O nome do ginásio chama a atenção pelo fato de sincronizar duas tradições religiosas: cristã e muçulmana. Fátima é a quinta filha do Profeta Maomé com Khadija, tida como exemplo de pureza e moral. Sua adoração é grande especialmente entre os xiitas, já que era a mãe de Hussein Ibn Ali – um dos líderes do xiismo. A Senhora Fátima é, para os muçulmanos, uma das principais autoridades divinas, porque ela recebeu a visita do Arcanjo Gabriel, que é quem Deus escolheu, purificou e engrandeceu toda a nação islâmica. A primeira turma da 5º série ginasial era pequena, com apenas dois meninos e sete meninas. A escola, nessa época, já apresentava sinais das primeiras crises, com a diminuição de alunos e discussões entre os membros da Sociedade, criando dois grupos distintos: os que queriam manter a escola funcionando mesmo com problemas financeiros e estruturais; e os que não viam na escola uma realização concreta da comunidade.  

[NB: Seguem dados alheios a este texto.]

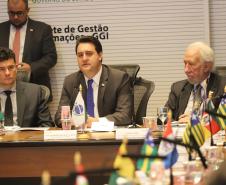 O governador Carlos Massa Ratinho Junior e o ministro da Justiça Sergio Moro, participaram da Encontro do Conselho Nacional de Secretários de Estado da Justiça, Cidadania, Direitos Humanos e Administração Penitenciária, que realiza-se no Palácio Iguaçu. Participaram: os secretários: de Segurança Pública, cel. Romulo Marinho Soares; entre outros.Curitiba, 04-10-19.Foto: Arnaldo Alves / AEN.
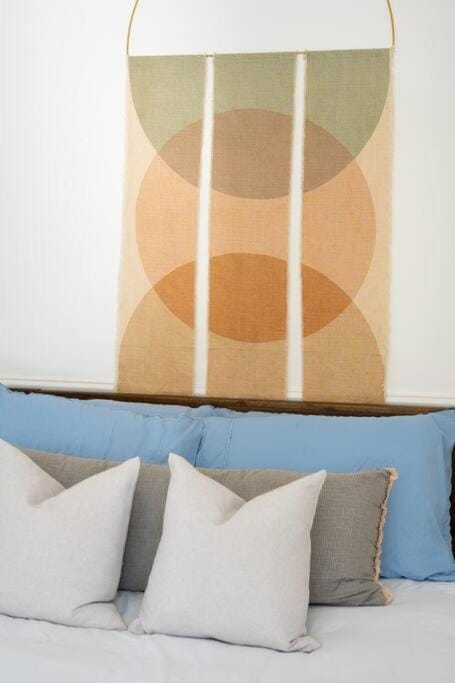 Wild Olive Lodge ° Serene grandma chíc getaway cabin Cabin in Running Springs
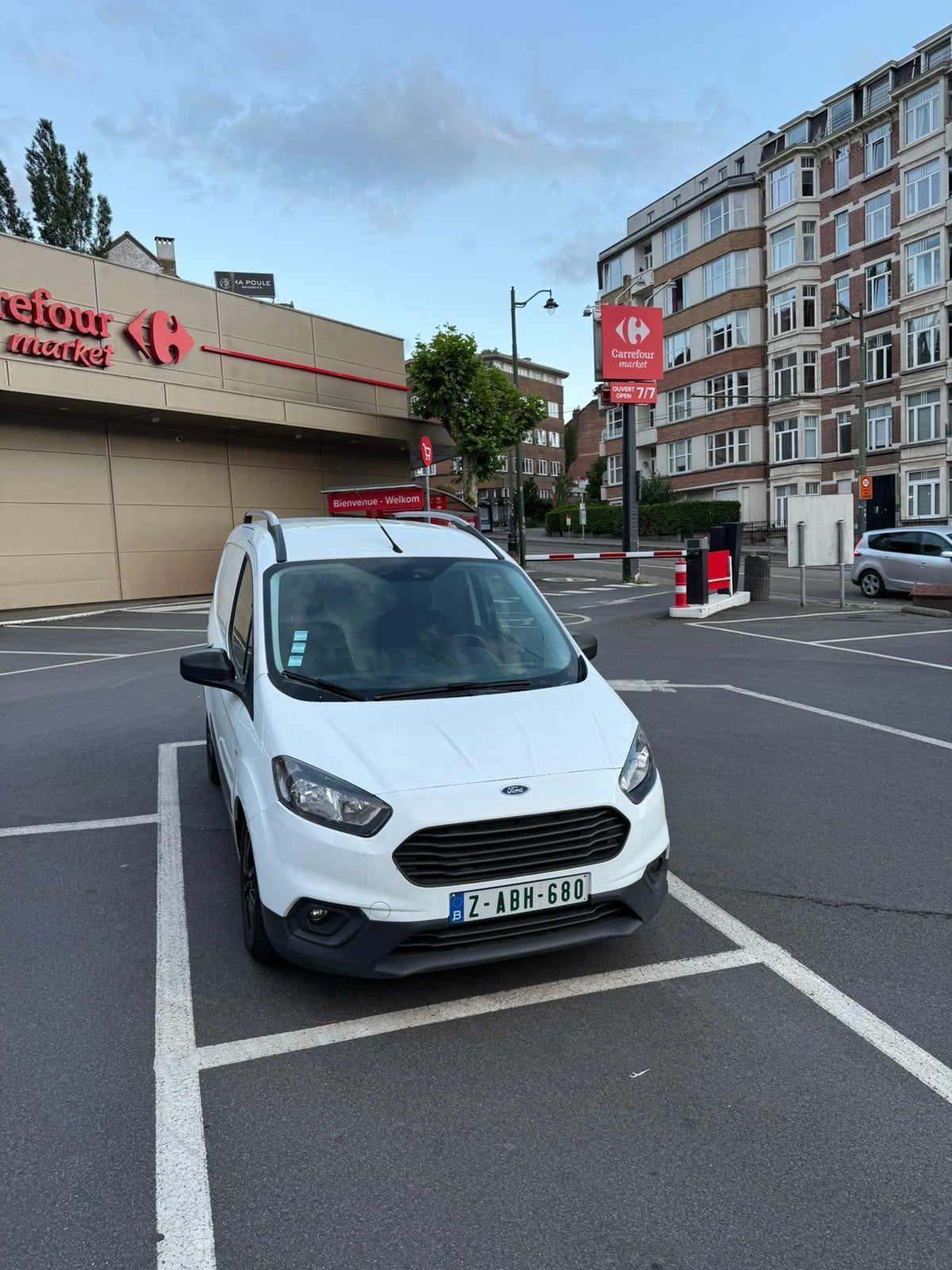 Ford transit courier 1.5 euro 6, Autos, Achat, Euro 6, Boîte manuelle, Diesel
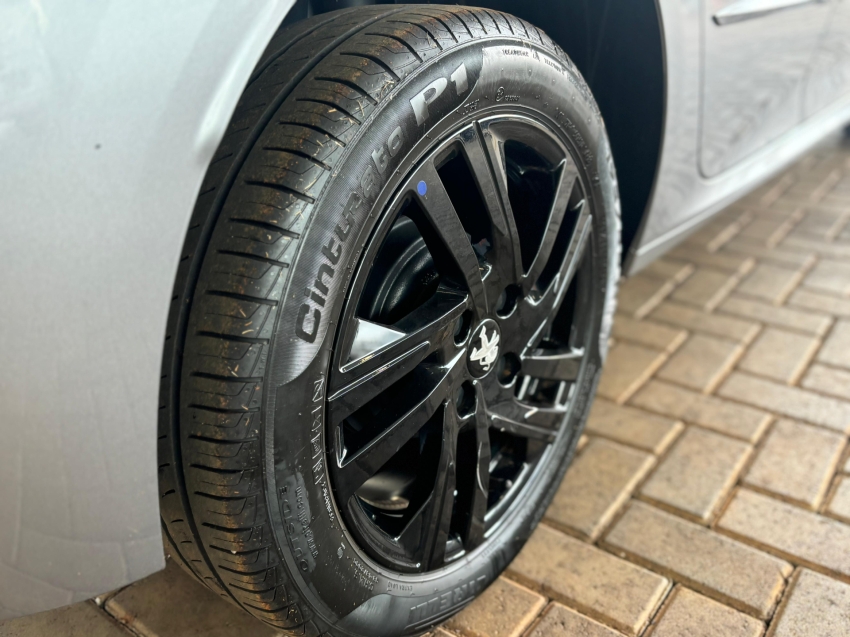 peugeot 208 1.6 16v flex active at6 1.0 4p manual 2023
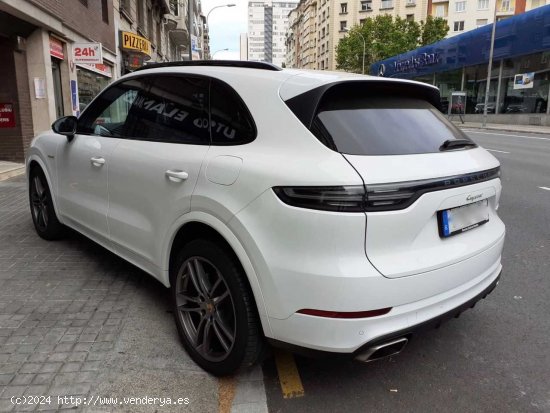 Porsche Cayenne E-HYBRID - Barcelona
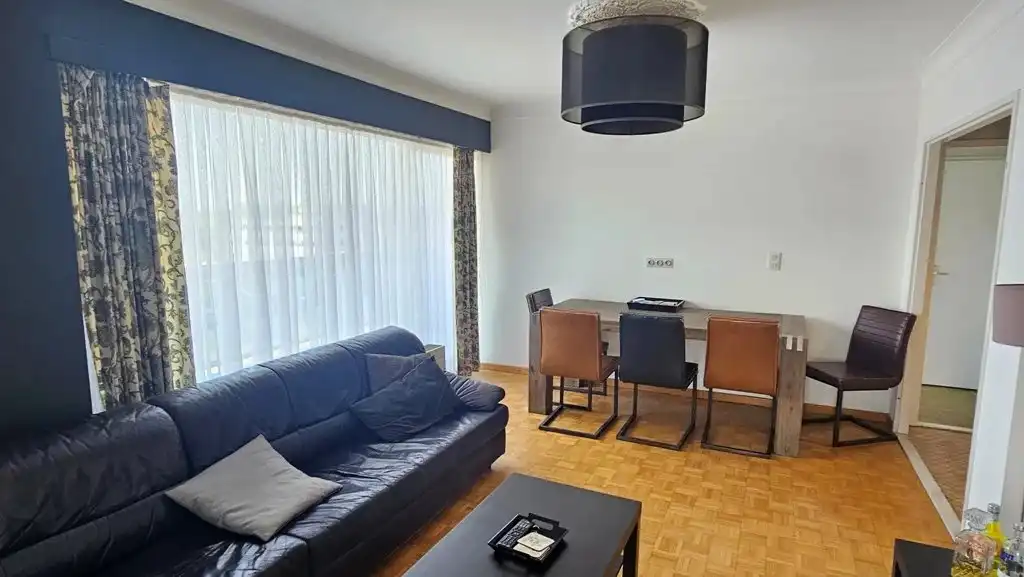 Instapklaar appartement met 2 + 1 slaapkamers. foto 3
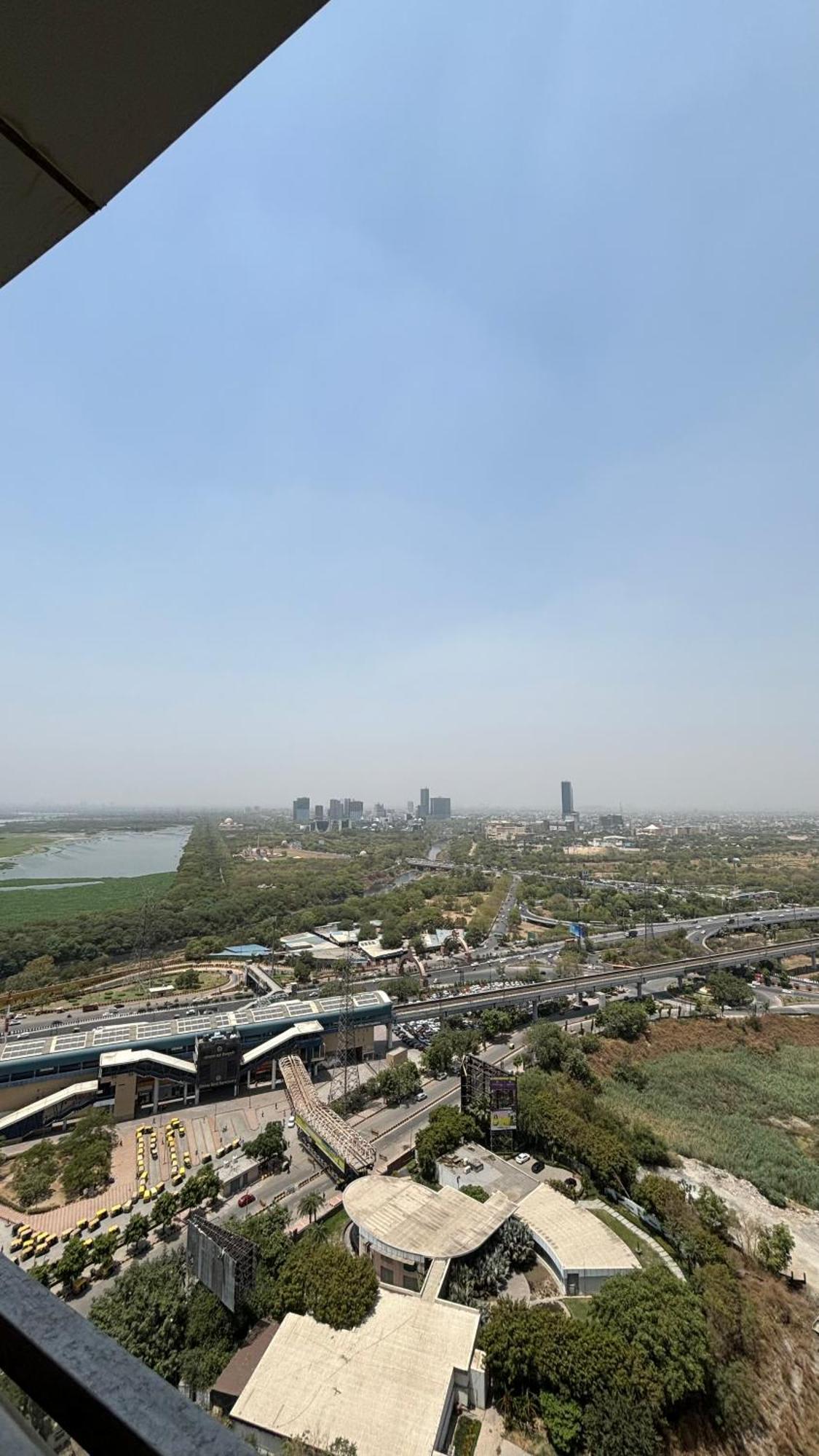 Countryside Luxury Suites - Supernova Noida New Delhi Exterior photo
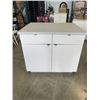 Image 1 : KITCHEN ISLAND 34 X 42 INCH WITH OVERHANG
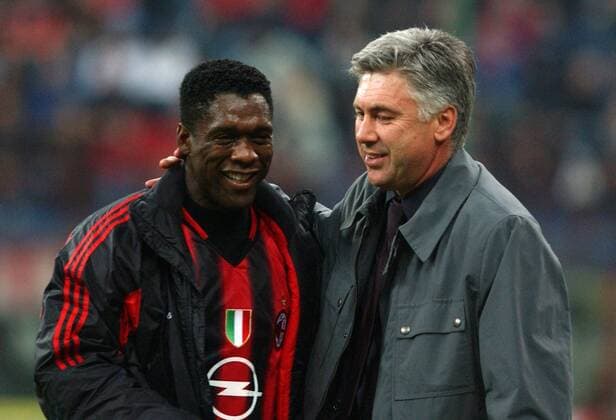 Clarence Seedorf und Trainer Carlo Ancelotti (beide Milan) Fußball Herren Serie A 2004 2005, 1. Italienische Liga, AC Mailand, Vdig Gruppe Mailand Freude,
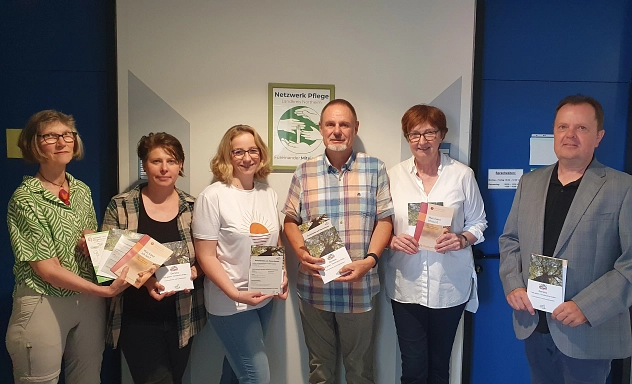 AG Demenzfreundlicher Landkreis Das Foto zeigt die Mitglieder der Arbeitsgruppe „Demenzfreundlicher Landkreis“ im Landkreis Northeim. Zu sehen sind (von links): Siery Mennecke (ehrenamtlich engagiertes Mitglied Netzwerk Pflege), Vanessa Hahmann-Meister (Koordinatorin Netzwerk Pflege), Kerstin Macke (Pflegefachkraft und Ansprechpartnerin für den Gesprächskreis Bad Gandersheim), Dietmar Rebelski (Ansprechpartner für den Gesprächskreis Northeim), Jutta Heynold (Mitglied im Seniorenrat), Harald Rode (Dezernatsleiter III – Jugend und Soziales des Landkreises Northeim)
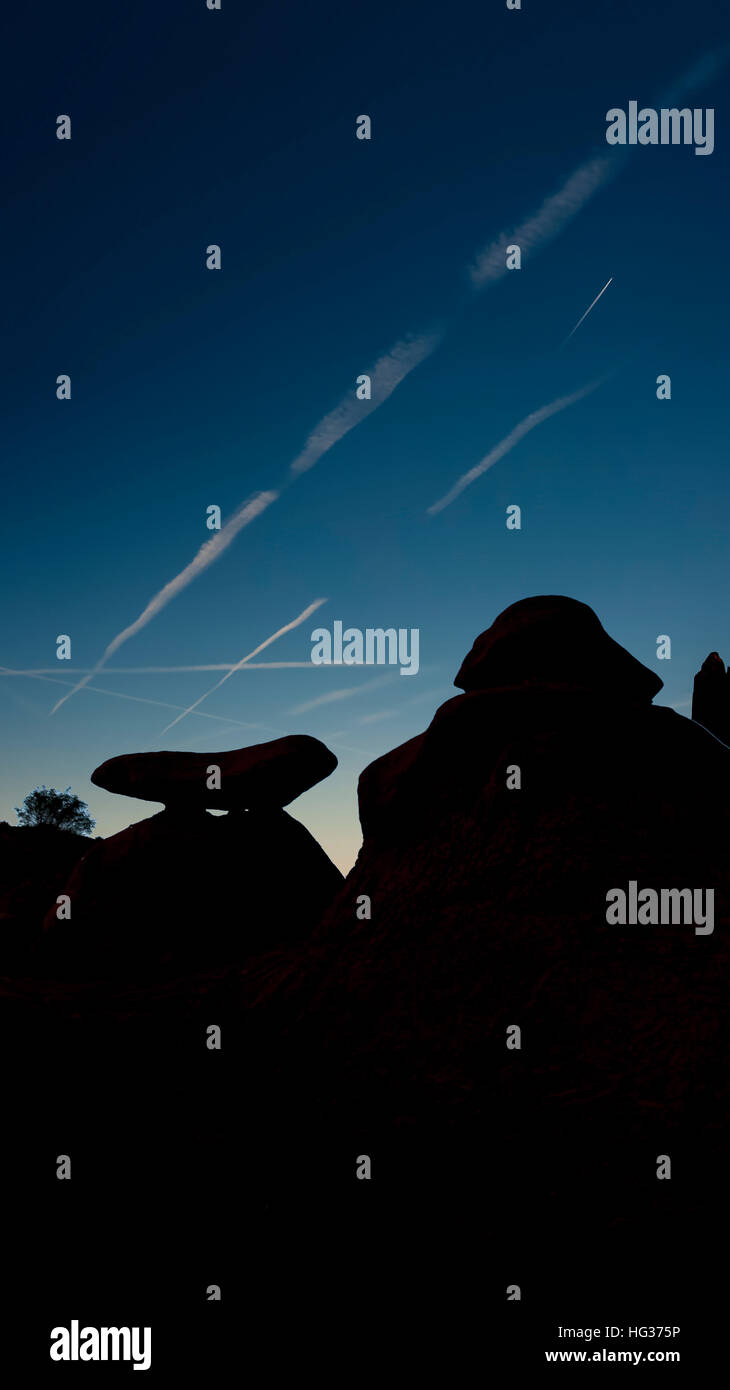 Goblin Valley State Park.Silhouetted Goblins gegen den Nachthimmel. Vertikales Panorama Bild. Stockfoto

Em 1972 a escola encerrou suas atividades, juntamente com o término do ano letivo. Levantaram-se três hipóteses sobre as possíveis causas do fechamento da escola: 

1. Dificuldade na adaptação à lei 5692/71; 
2. Fundação da Mesquita, local onde a comunidade poderia reunir-se e praticar a sua religião; 
3. Desentendimentos entre a comunidade. 

Essa terceira hipótese foi muito evidenciada pelos ex-alunos. Desentendimentos entre os membros da comunidade levaram a escola à ruína, e o ar de tristeza, quando isso é relembrado, é nítido. 
Havia um sonho de manter a instituição de ensino, até os dias atuais, e visando futuramente, até mesmo a inserção do ensino superior. Tais lembranças permearam entre os ex-alunos, durante décadas, com o desejo de uma nova chance, de criarem uma nova escola. 

Chocantemente, não há registros na imprensa curitibana ou nos grandes jornais do estado, sobre os eventos dos anos de 1957, (fundação da Sociedade), de 1968, (período da construção da escola), de 1969, (inauguração da escola), e de 1972 (fechamento da escola), revelando o isolamento da comunidade árabe na cidade, fazendo com que a divulgação da escola ocorresse apenas para o pequeno grupo formado pelos imigrantes. 

Apesar de estar inserida em um contexto maior como a cidade de Curitiba, a comunidade árabe não se fez perceber como parte integrante do funcionamento do município. Tais informações se encontram apenas nos documentos e registros da Sociedade, além de depoimentos de ex-alunos e funcionários da escola, daquela época, fazendo com que o passado seja resgatado pela memória, pelos lugares de memória, e pela identidade do grupo. 

A escola tornou-se um lugar de memória, que construiu e fortaleceu o vínculo daqueles que por ali passaram e, reforçou as características coletivas de seus participantes, bem como auxiliou na construção da História da Educação desses imigrantes.